Thanks ghost.No,no I wont let her or anyone clean their shoes off on me.I was raised on a farm,my Dad is a pastor and my mom was a cop,so I never got away with much but I wont put up with unreasonable demands.I've even been asked out twice but I want her not someone else and the spoil thing isnt gonna happen,I support us all pay all the bills.Everyone in my family has all their needs met plus a lot of their wants.Also help out her family with money and other stuff.I can be tough but fair,I showed her my "I wont be walked on look " after work today.She wants to know what my problem is. I just told her I'm feeling really good and I can handle any curve ball life throws at me.She a little quiet right now but I'm still being a opptimist about our future,there is something there in her eyes when she listens and looks at me,she DID have the upper hand for awhile but I had to take it back.I do really love her and I am not the type to give up easily.Ugh! Have to see how things develope here in the next few days.I have patience.
_Posted via Mobile Device_


----------



## calvin

Wow,she wants to know why I am being "****y",I have not said anything inappropriate, and picked up supper.Not ****y.confident,which I've had to get back too.i was begging and pleading to her couple months ago.Big mistake. Then more hugs from her : ) women, especially the one in your life can be hard to figure out sometimes but I think I'm learning much more now.Thanx to everyone out there for listening you all make TAMS what it is. let you guys know what happens.
_Posted via Mobile Device_


----------



## ghostchaser204

calvin said:


> Thanks ghost.No,no I wont let her or anyone clean their shoes off on me.I was raised on a farm,my Dad is a pastor and my mom was a cop,so I never got away with much but I wont put up with unreasonable demands.I've even been asked out twice but I want her not someone else and the spoil thing isnt gonna happen,I support us all pay all the bills.Everyone in my family has all their needs met plus a lot of their wants.Also help out her family with money and other stuff.I can be tough but fair,I showed her my "I wont be walked on look " after work today.She wants to know what my problem is. I just told her I'm feeling really good and I can handle any curve ball life throws at me.She a little quiet right now but I'm still being a opptimist about our future,there is something there in her eyes when she listens and looks at me,she DID have the upper hand for awhile but I had to take it back.I do really love her and I am not the type to give up easily.Ugh! Have to see how things develope here in the next few days.I have patience.
> _Posted via Mobile Device_


Well then I apologize for my post taking you to the woodshed. Sounds like you are doing what you need to do. Handing the reigns of the relationship over to your wife is never a good thing to do. Women are driven primarily by emotions, men by logic, when they work in harmony, you get a synergy of a healthy relationship. Women are more finely tuned to pick up the nuances and problems in a marriage, but they can be a little too vague in expressing their displeasure more forcefully and clearly.


----------



## Catherine602

Calvin 
I can't tell you exactly what is happening with your wife but maybe I can offer some possibilities from a my point of view.

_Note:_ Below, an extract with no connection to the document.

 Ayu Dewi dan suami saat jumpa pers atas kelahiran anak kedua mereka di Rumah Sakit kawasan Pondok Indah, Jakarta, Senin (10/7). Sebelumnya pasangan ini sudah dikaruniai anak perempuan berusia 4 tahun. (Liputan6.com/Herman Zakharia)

Since the change in your behavior is so new, she does not trust you to keep it up. She is being vigilant. She likes the person you are now. If she didn't she would not be affectionate.

When she asked you why you were being difficult, it is probably because she Is waiting for your old behavior to come back. Keep doing what you are doing now and don't take or give any disrespect.. She needs to feel respect for you to maintain the attraction, if she thinks you will do anything she wants she will not be attracted to you. When she pushes push back with love and gentleness. You are letting know that you are capable of being her hero and protecting her. 

It took a long time for your marriage to get to a bad place and it will take more than a few months to get back on track. Think of the long view and don't lose it when there is a setback for one day. Don't hang on her every word and deed.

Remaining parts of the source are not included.